ABOUT THIS EXERCISE: Make an exact copy of all the data, pictures excluded.

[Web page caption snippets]
===============

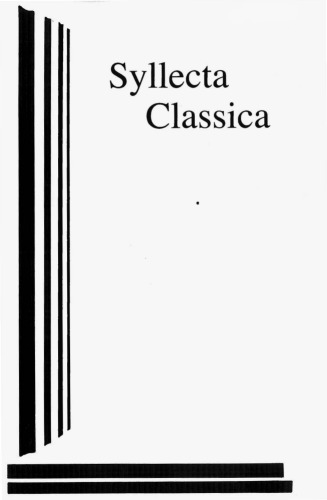 Syllecta classica.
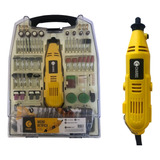 Kit Mini Retifica Completa 234 Acessórios E Maleta 100 220v Frequência 0 Potência 0 W 220v
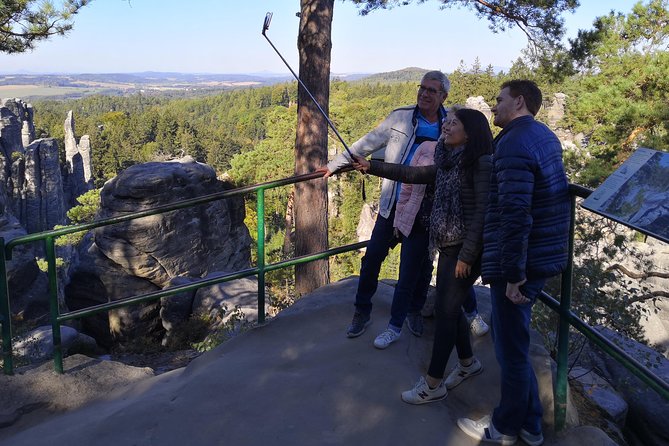 Bohemian Paradise (Český ráj) UNESCO geopark nature walks - Prachov Rocks: the heart of the excursion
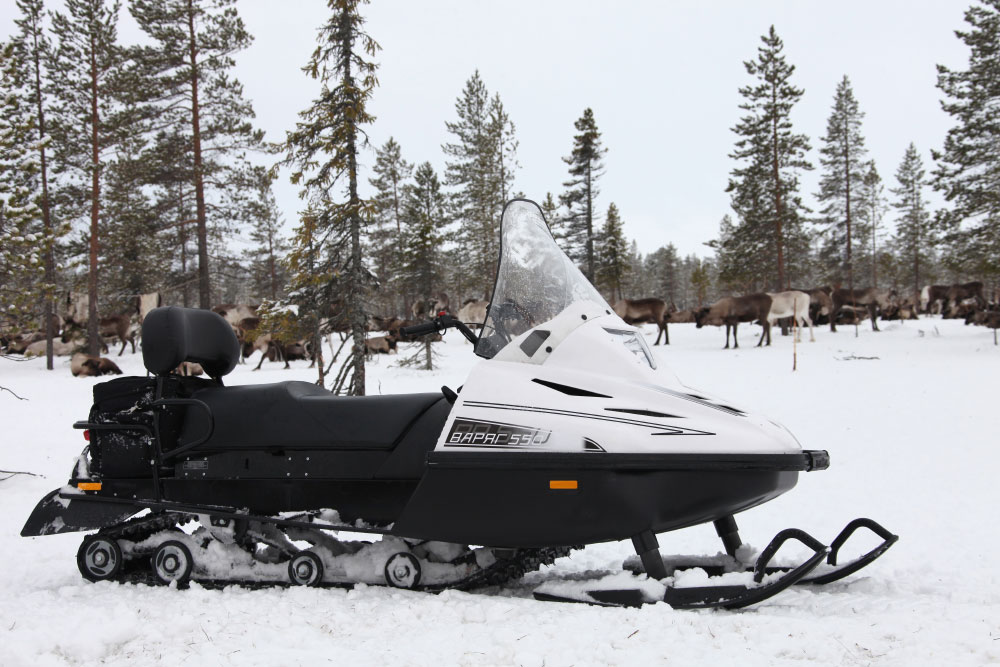 СНЕГОХОД РМ ТАЙГА ВАРЯГ 550 V в Сыктывкаре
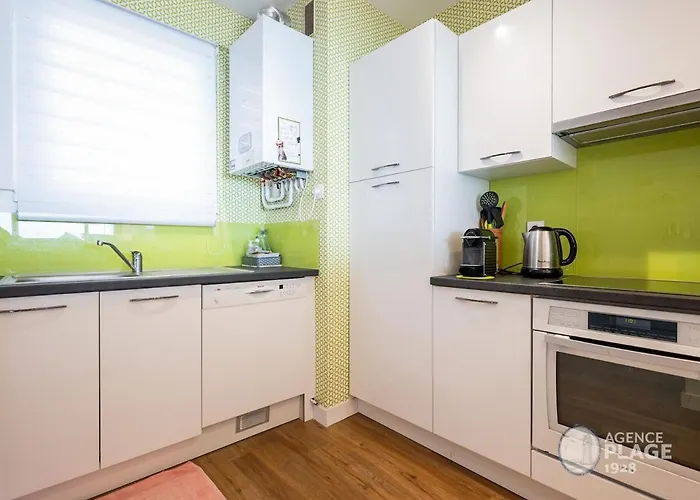 Moderne 80m² Avec Wifi, Lave-vaisselle, Balcon Et Vue - Fr-1-197-539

===============

ANSWER TO THE EXERCISE:
 Syllecta classica.
 Kit Mini Retifica Completa 234 Acessórios E Maleta 100 220v Frequência 0 Potência 0 W 220v
 Bohemian Paradise (Český ráj) UNESCO geopark nature walks - Prachov Rocks: the heart of the excursion
 СНЕГОХОД РМ ТАЙГА ВАРЯГ 550 V в Сыктывкаре
 Moderne 80m² Avec Wifi, Lave-vaisselle, Balcon Et Vue - Fr-1-197-539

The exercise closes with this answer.